Allardyce has fought to keep on most of the staff at West Ham – "highly qualified, and in the right areas" – who he feels are more crucial than ever to keeping his players strong and focused over a gruelling 46-game season. He expects a lot of his staff and they tend to feel loyalty back to him. Which brings us to the uncomfortable question of Steve Kean, his successor at Blackburn.

Allardyce had taken Kean on at Blackburn when he was an out-of-work coach. Kean was given the manager's job the day that Allardyce was sacked by Venky's. Venky's were advised by the TV rights group Kentaro, whose affiliate company also happened to have Kean as a client. So how will Allardyce feel when he next encounters Kean on a touchline?

"I would say the thing is firmly in Steve Kean's court. Only he knows when he wakes up and looks in the mirror. He spoke to me once and I think that since then we have never spoken. [That was] the day I left. I rang him and said, 'I've been sacked'. That was it."

Does Allardyce think Kean knew he was about to get the job? "He had to have, didn't he, really," he says. "They were sacking Neil McDonald [Allardyce's No 2] at the same time as me so I was saying 'Why? Why are you sacking him? Neil needs to take over. He's been a manager. If you don't like Sam Allardyce's face, fair enough, but here's the man.'"
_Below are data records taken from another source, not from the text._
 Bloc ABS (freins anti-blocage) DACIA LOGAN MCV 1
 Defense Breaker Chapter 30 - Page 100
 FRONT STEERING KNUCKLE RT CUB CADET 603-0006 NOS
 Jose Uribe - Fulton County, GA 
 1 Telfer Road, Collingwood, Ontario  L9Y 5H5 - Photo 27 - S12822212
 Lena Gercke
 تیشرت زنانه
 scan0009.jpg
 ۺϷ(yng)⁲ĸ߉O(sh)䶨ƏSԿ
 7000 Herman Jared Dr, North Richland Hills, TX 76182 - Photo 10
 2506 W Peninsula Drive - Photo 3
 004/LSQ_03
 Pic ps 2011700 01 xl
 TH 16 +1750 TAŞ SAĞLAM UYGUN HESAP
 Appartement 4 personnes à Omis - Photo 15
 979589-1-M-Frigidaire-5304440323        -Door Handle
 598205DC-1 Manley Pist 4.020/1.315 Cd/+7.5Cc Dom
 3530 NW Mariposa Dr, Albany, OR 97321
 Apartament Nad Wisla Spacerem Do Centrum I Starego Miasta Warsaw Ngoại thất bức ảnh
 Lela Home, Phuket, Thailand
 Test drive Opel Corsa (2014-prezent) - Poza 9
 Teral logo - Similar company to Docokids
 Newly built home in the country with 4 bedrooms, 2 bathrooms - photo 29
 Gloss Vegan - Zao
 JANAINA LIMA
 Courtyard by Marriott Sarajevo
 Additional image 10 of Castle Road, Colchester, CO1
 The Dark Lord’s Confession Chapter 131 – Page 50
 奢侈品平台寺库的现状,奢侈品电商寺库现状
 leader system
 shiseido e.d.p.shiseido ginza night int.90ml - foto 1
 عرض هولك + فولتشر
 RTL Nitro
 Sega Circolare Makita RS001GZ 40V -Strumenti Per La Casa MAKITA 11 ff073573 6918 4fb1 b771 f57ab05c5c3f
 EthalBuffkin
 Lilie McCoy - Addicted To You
Pushed on what really happened at Blackburn behind the scenes, he said: "You know the answers to that. I can't repeat it.

"They [the Walker family trust] were desperate to sell the club for many, many years. My satisfaction at Blackburn was that I created so much interest in Blackburn. I know it sounds like I'm blowing my own trumpet but I might as well. Jose Mourinho does it all the time and everyone f***ing loves him, so why shouldn't I?

"I created such a vibrant football club that there were four or five [groups] who wanted to buy it having never previously shown any interest. Based on the fact that I was producing profit with results. It wasn't the best – Arsenal's profit ratio is so massive and obviously Manchester United sold [Cristiano] Ronaldo for £80m – but our profit ratio was fantastic.

"The year we finished 10th [2009-2010, his only full season] we made a profit rather than a deficit having [previously] kept them in the Premier League. It was the same at Bolton. When I left Bolton I made a net profit after eight years. That was not even including Nicolas [Anelka] because I left before he was sold."